Humor Magazine

Shopping With the Upper Crust

By Dianelaneyfitzpatrick

Shopping With the Upper Crust

I don't know where this store is, but I can tell I can't afford anything in it.

I may have to stop saying “grocery store” and start saying “market.” I may have to stop saying, “I’m going grocery shopping” and start saying, “I will now select our week's delicacies” in an affected, 1940s starlet accent. Because my grocery store is so hip that it deserves to be in a higher class than your basic Giant Eagle.
After moving to San Francisco a few months ago, I tried to fall back on my old, suburban grocery shopping technique: Driving an SUV to a huge parking lot, walking into a huge store with the word Super in italics next to its name, getting a huge cart full of super-sized store-brand, nonorganic foods full of trans-fat that were on sale, having the bag boy fill about 300 plastic bags with 1-2 items each, pack it all into my trunk, and take it home.
That doesn’t fly here.
First, there are no plastic bags. They exist, but you have to buy them. California requires retail outlets to charge for bags. It’s only 10 cents per, but human nature is such that even the Howells would shlep ratty reusable bags to save a dime.
Second, there are no SUVs. Well, there are, but only black ones that I suspect have Obama inside. Also there is little to no parking in most grocery stores around here, so even if you decide to take your Prius to the store, (if you live here you know you have one) you may have to search for parking.

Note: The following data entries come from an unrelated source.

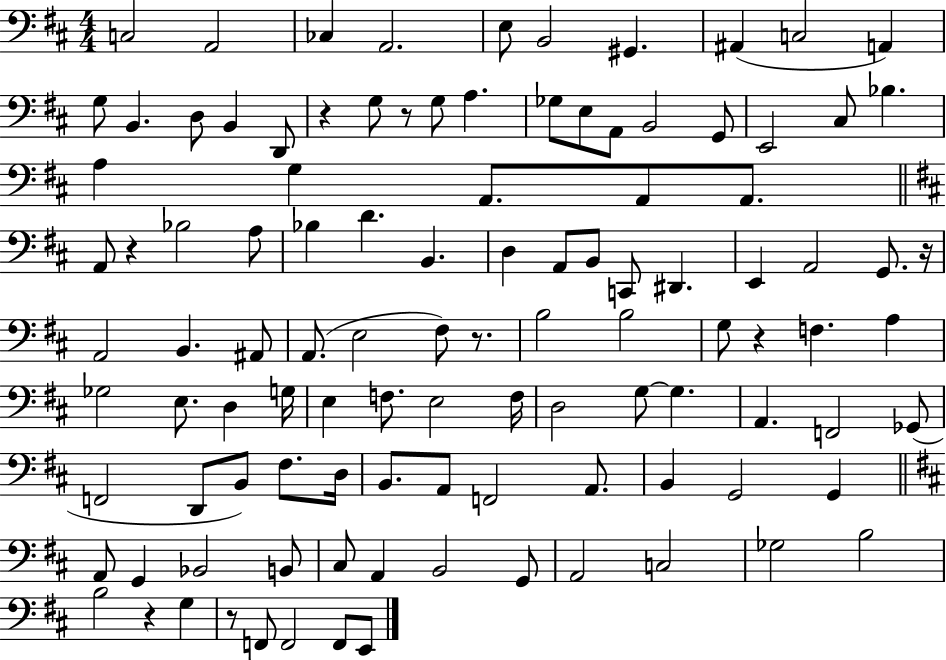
X:1
T:Untitled
M:4/4
L:1/4
K:D
C,2 A,,2 _C, A,,2 E,/2 B,,2 ^G,, ^A,, C,2 A,, G,/2 B,, D,/2 B,, D,,/2 z G,/2 z/2 G,/2 A, _G,/2 E,/2 A,,/2 B,,2 G,,/2 E,,2 ^C,/2 _B, A, G, A,,/2 A,,/2 A,,/2 A,,/2 z _B,2 A,/2 _B, D B,, D, A,,/2 B,,/2 C,,/2 ^D,, E,, A,,2 G,,/2 z/4 A,,2 B,, ^A,,/2 A,,/2 E,2 ^F,/2 z/2 B,2 B,2 G,/2 z F, A, _G,2 E,/2 D, G,/4 E, F,/2 E,2 F,/4 D,2 G,/2 G, A,, F,,2 _G,,/2 F,,2 D,,/2 B,,/2 ^F,/2 D,/4 B,,/2 A,,/2 F,,2 A,,/2 B,, G,,2 G,, A,,/2 G,, _B,,2 B,,/2 ^C,/2 A,, B,,2 G,,/2 A,,2 C,2 _G,2 B,2 B,2 z G, z/2 F,,/2 F,,2 F,,/2 E,,/2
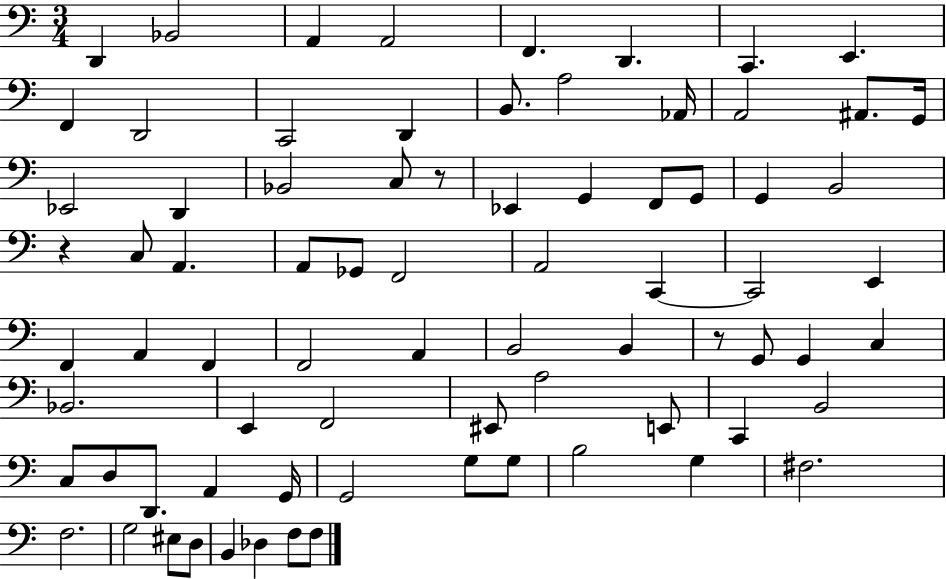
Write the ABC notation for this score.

X:1
T:Untitled
M:3/4
L:1/4
K:C
D,, _B,,2 A,, A,,2 F,, D,, C,, E,, F,, D,,2 C,,2 D,, B,,/2 A,2 _A,,/4 A,,2 ^A,,/2 G,,/4 _E,,2 D,, _B,,2 C,/2 z/2 _E,, G,, F,,/2 G,,/2 G,, B,,2 z C,/2 A,, A,,/2 _G,,/2 F,,2 A,,2 C,, C,,2 E,, F,, A,, F,, F,,2 A,, B,,2 B,, z/2 G,,/2 G,, C, _B,,2 E,, F,,2 ^E,,/2 A,2 E,,/2 C,, B,,2 C,/2 D,/2 D,,/2 A,, G,,/4 G,,2 G,/2 G,/2 B,2 G, ^F,2 F,2 G,2 ^E,/2 D,/2 B,, _D, F,/2 F,/2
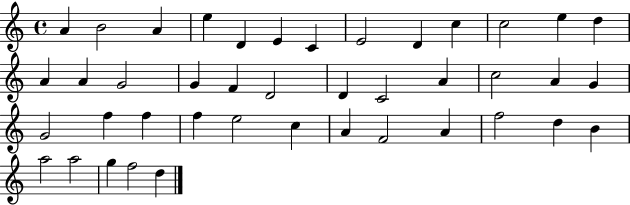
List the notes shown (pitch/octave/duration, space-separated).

A4/q B4/h A4/q E5/q D4/q E4/q C4/q E4/h D4/q C5/q C5/h E5/q D5/q A4/q A4/q G4/h G4/q F4/q D4/h D4/q C4/h A4/q C5/h A4/q G4/q G4/h F5/q F5/q F5/q E5/h C5/q A4/q F4/h A4/q F5/h D5/q B4/q A5/h A5/h G5/q F5/h D5/q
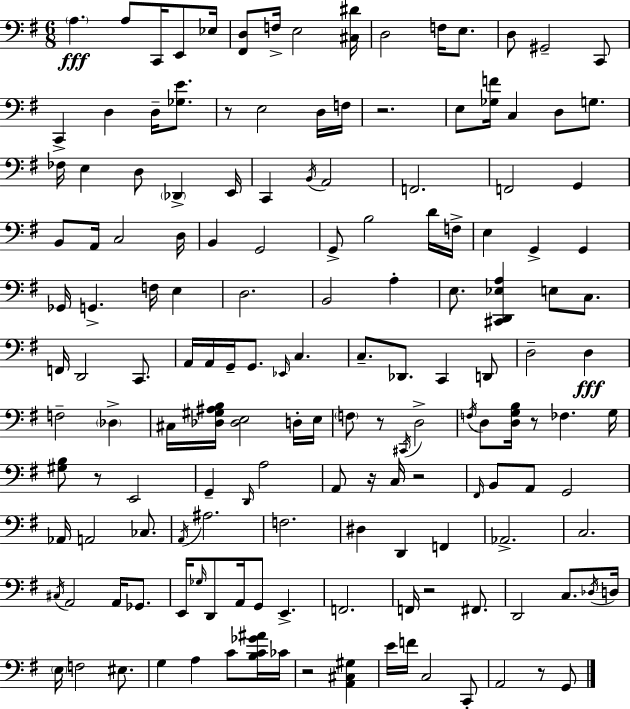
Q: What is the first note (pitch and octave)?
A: A3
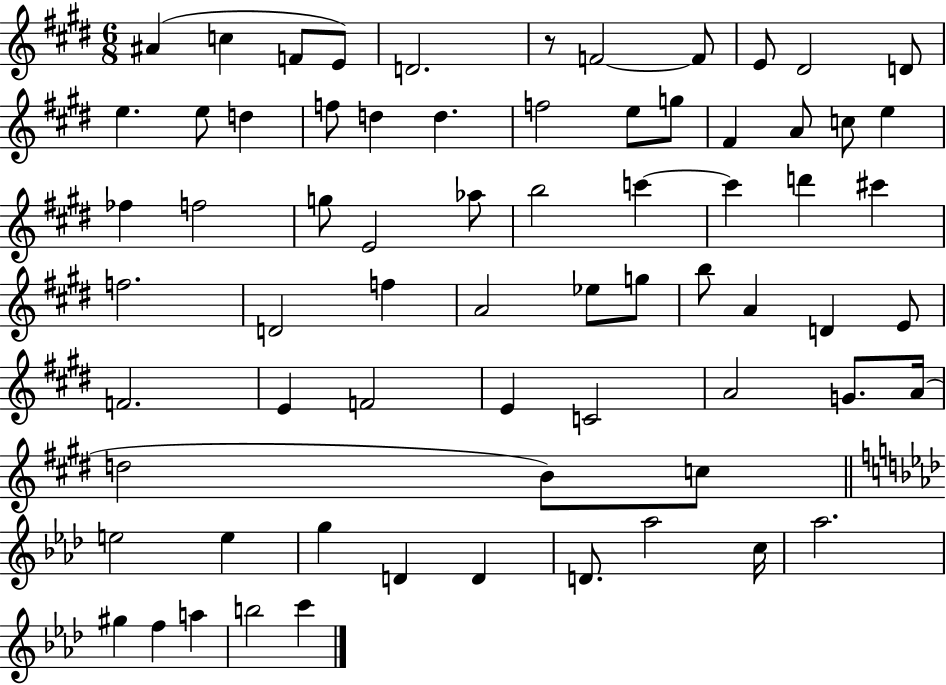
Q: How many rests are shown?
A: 1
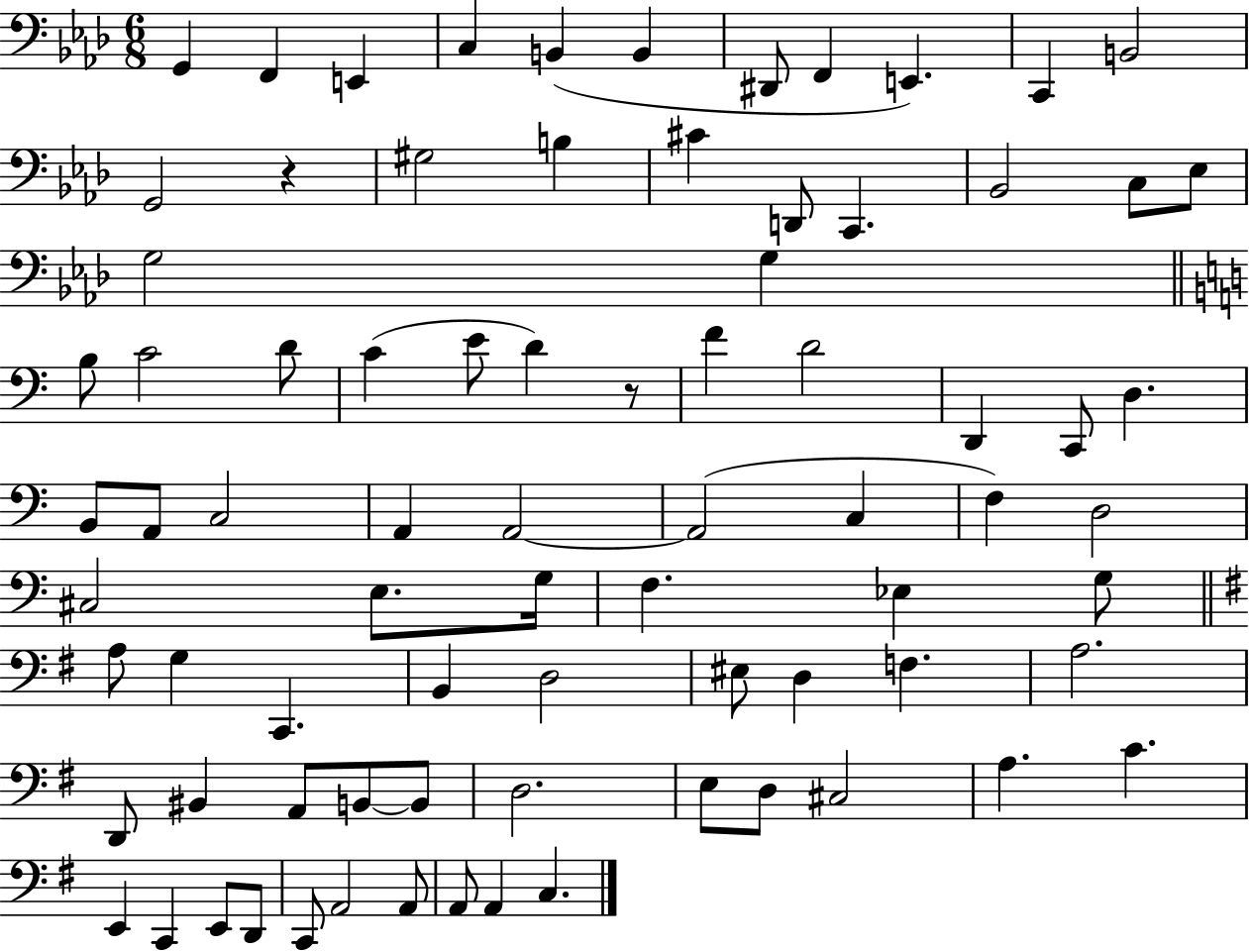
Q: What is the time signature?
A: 6/8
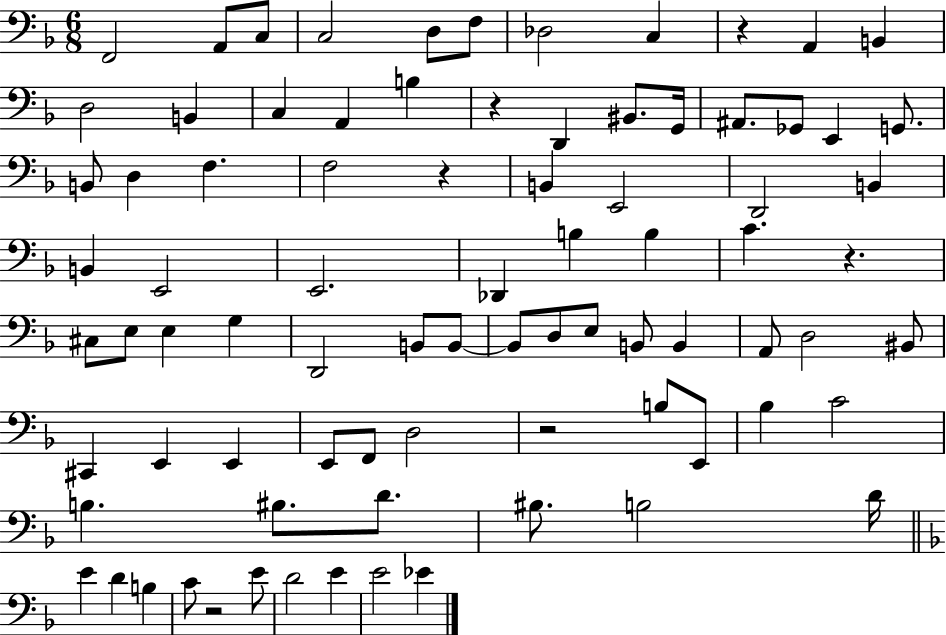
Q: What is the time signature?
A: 6/8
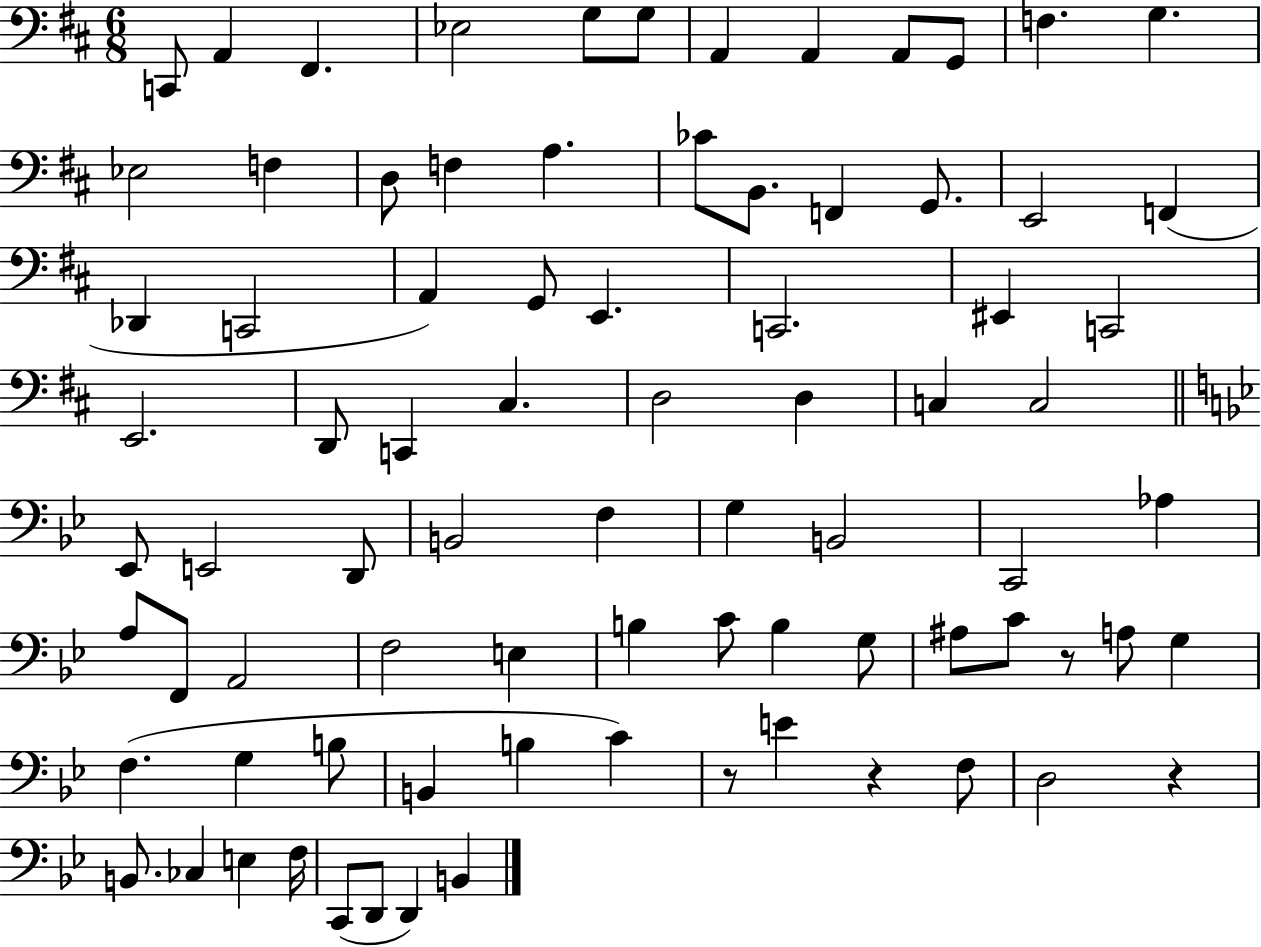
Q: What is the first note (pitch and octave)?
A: C2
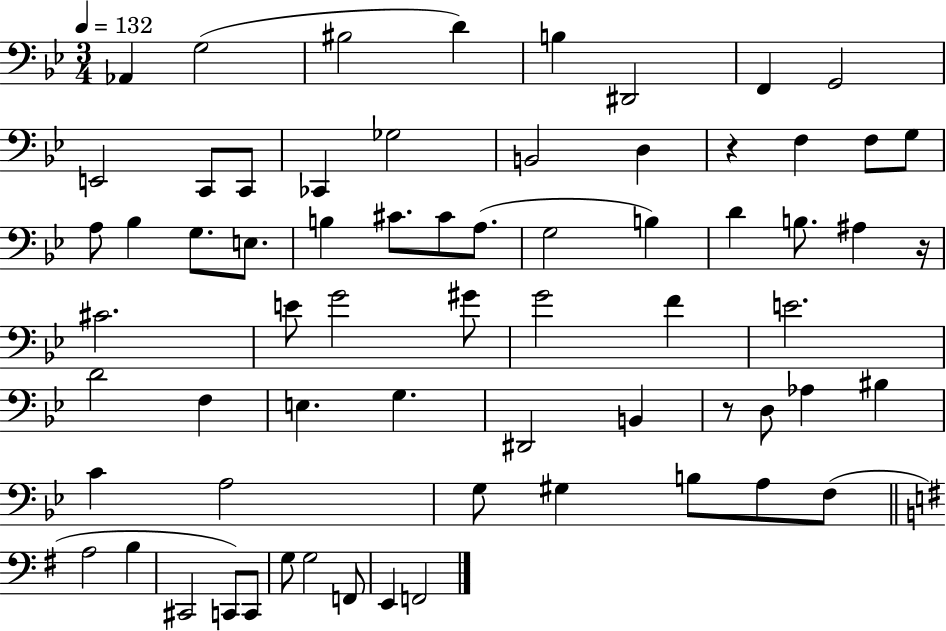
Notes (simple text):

Ab2/q G3/h BIS3/h D4/q B3/q D#2/h F2/q G2/h E2/h C2/e C2/e CES2/q Gb3/h B2/h D3/q R/q F3/q F3/e G3/e A3/e Bb3/q G3/e. E3/e. B3/q C#4/e. C#4/e A3/e. G3/h B3/q D4/q B3/e. A#3/q R/s C#4/h. E4/e G4/h G#4/e G4/h F4/q E4/h. D4/h F3/q E3/q. G3/q. D#2/h B2/q R/e D3/e Ab3/q BIS3/q C4/q A3/h G3/e G#3/q B3/e A3/e F3/e A3/h B3/q C#2/h C2/e C2/e G3/e G3/h F2/e E2/q F2/h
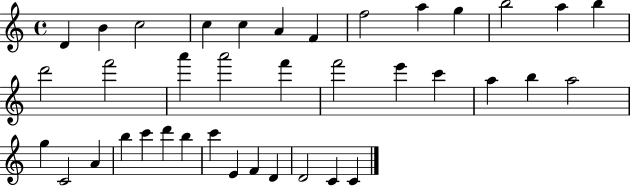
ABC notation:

X:1
T:Untitled
M:4/4
L:1/4
K:C
D B c2 c c A F f2 a g b2 a b d'2 f'2 a' a'2 f' f'2 e' c' a b a2 g C2 A b c' d' b c' E F D D2 C C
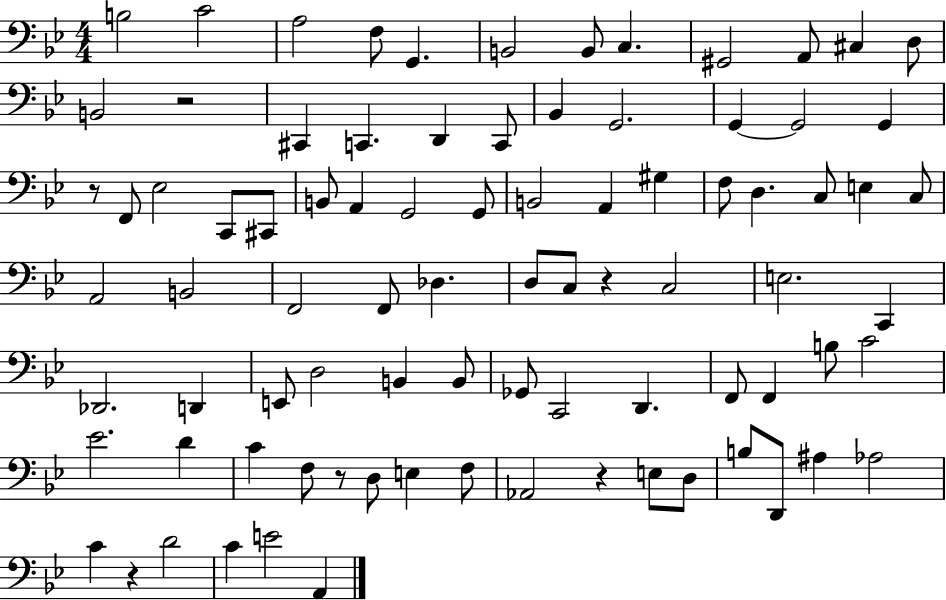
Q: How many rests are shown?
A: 6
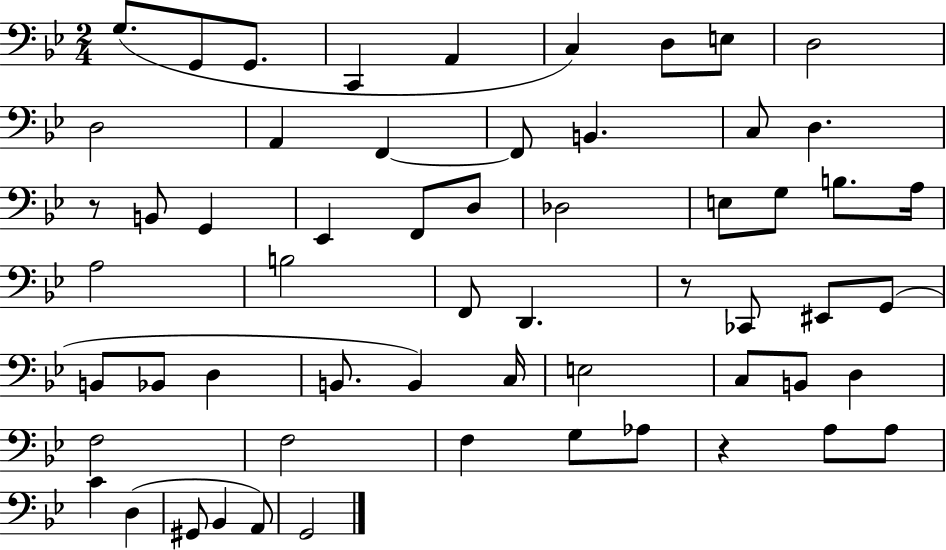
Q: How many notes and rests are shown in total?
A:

And validating is so not done.
So being new to the city, I tried a couple things. First, I tried ordering groceries online from Walmart and having them delivered once a week. Overwhelmed with the almost limitless offerings, I started ordering office supplies, planters for the deck, and light furniture. I was poised to do my Christmas shopping along with my grocery shopping around the time that the overweight and underpaid delivery guy almost had a stroke bringing two baskets of groceries and a desk up my stairs. I suddenly realized that I was acting like Howard Hughes and I snapped out of it. Heady times, though. Heady times . . .
I also tried buying food from the little bodega across the street. But eventually I ran out of the kids’ college money and our retirement funds and had to stop that spendfest.
I had grand plans to do piecemeal shopping from high-end-but-folksy bread, meat and vegetable markets in three different neighborhoods. But I think you all know me well enough by now to know how far I went with that.
None of it was working until I found my hip grocery store in the Marina. There’s a parking lot, so I can drive there. But this place is full of trendy foods like crusty bread you could use as a hockey stick, 34 varieties of mushrooms, and cheese that costs as much as a pair of Clark shoes. 
But the hippest things about my grocery store are the shoppers. When I shop on Saturday mornings, the place is full of early-20-somethings.  (They’ve got to be techies; how else could they afford that $30 bottle of wine?) They look like they stepped out of the Abercrombie catalog. Their arms are full of imported beer, large quantities of buns, bags of ice, and the aforementioned wine. I’m thinking Carbfest on the Bay.
Lately, there’s a new crowd: Rich guys with New Zealand accents, wearing big old Rolexes, popped collars on their polo shirts, and big wads of C-notes. Yes, my new hip grocery store is near the America’s Cup viewing area, as well as the docks where I presume these guys get on their big corporate boats to watch the races from the water. I can tell you for a fact that they’re loading up those boats with Australian wine, Dom Perignon, and Twizzlers.
I’m still the only one buying dog food and Swiffer refills. But by god, someone's got to do it.